March 2, 2018 - Neighborhood Tour
On the final Friday of every month, Live Baltimore heads out of the office and into one of Baltimore's 277 neighborhoods. Each month, we love what we find! February was no different.
Even on the dreariest of days, the Butchers Hill neighborhood is still vibrantly beautiful and filled with friendly neighbors and furry friends.
Our Butchers Hill neighborhood tour started at Dan Kiselik's gorgeous house on Baltimore Street. The home is a historically-renovated Victorian and one of the neighborhood's grandest houses.
"Our kids are grown up now," he said. "So when we were looking at houses, we knew we needed a home with enough space to accommodate them when they visit."
Kiselik, his wife and their massive Bouvier dog moved from New Jersey a little over a year ago. During the transition, he was unsure about fitting into a new community that is so vastly different from the suburban neighborhood they were moving from.
"People are important and that's what I thought I was giving up when we moved," he said. "But I'm feeling really fortunate."
The neighborhood, which has Patterson Park to the east, Washington Street to the west, Fayette Street to the north and Claremont to the south, has a robust neighborhood association that welcomed the Kiselik family.
The Butchers Hill Association hosts dozens of community-focused events each year in an effort to engage new and long-standing residents of the neighborhood, said Andrew Crummey, BHA President.
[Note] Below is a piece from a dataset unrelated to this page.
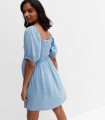 maternity-pale-blue-denim-shirred-puff-sleeve-mini-dress (3).jpg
From stoop sittings to a community flea market, there is sure to be an event to pique every neighbor's interest.
"We really aim to encourage people to take the time to get to know one another and engage in our community," Crummey said. "We're hoping to add more outdoor events because when you walk around the neighborhood and everyone is out, it's really something special."
Crummey, who led our walking tour, has three children who all have friends in the neighborhood, has a growing family that has decided to stay in the area.
"For us, the tipping point is that the current group of neighborhood kids are all very close in age," he said. "That has real staying power."
On any warm day, Amy Sheinin can look out her home's window toward a pocket park where kids, including Crummey's, can be found playing. The park backs up to an alley and has become a gathering space for parents who want to watch over their kids and meet up with other neighbors.
"We have a lot of families here," Sheinin said. "And we have a great blend of people who want to be around families."
Our walking tour took us past the park, which even on a wintery rainy day looked lusciously green. Residents take great pride in keeping the neighborhood tidy, but also in creating and maintaining gorgeous community spaces (there's a BHA committee for that!).
Just last year, the association installed trees into large planters throughout an alley known as the "Green Alley".
"Eventually the trees will grow to create a tree-lined alley," Crummey said.
The green alley is just one of the eco-friendly initiatives residents have been working on. Last year, they unveiled rain garden signs to help inform visitors and neighbors about the importance of rain gardens and greenery. Additionally, rain barrels were installed to help with upkeep of green spaces, including the trees in the alley.
SHOWCASING HOUSING DIVERSITY
And the planting of common-space trees also helps showcase the neighborhood for the biggest event of the year: The Butchers Hill House Tour.
Pat Phoebus, the chair of the neighborhood's House Tour committee, takes great pride in making sure the tour accentuates all parts of the neighborhood, which is extremely diverse from 700 square foot homes up to 5000+ square foot homes.
"Our goal is to let people know what is available in our neighborhood," she said. "We try to have about 10 houses on the tour and not repeat them for four to five years."
Such a diverse range of housing options brings together a diverse mix of people. From homeowners who work at Johns Hopkins to empty nesters, the neighbors vary in backgrounds and reasons for choosing Butchers Hill as their place to call home. For Kiselik, the house is what attracted him to the neighborhood. He's convinced that he and his wife made the right choice.
"Living here has been beyond my expectations," Kiselik said. "I have friends that range in age from four to 90 years old. When we first moved here, I needed a barber and my neighbor, who is five years old, recommended his. Now I that's where I go to get my hair cut. When we were first moving here we picked this community because we loved the house. Now we love the community, the people are first, the house comes after that."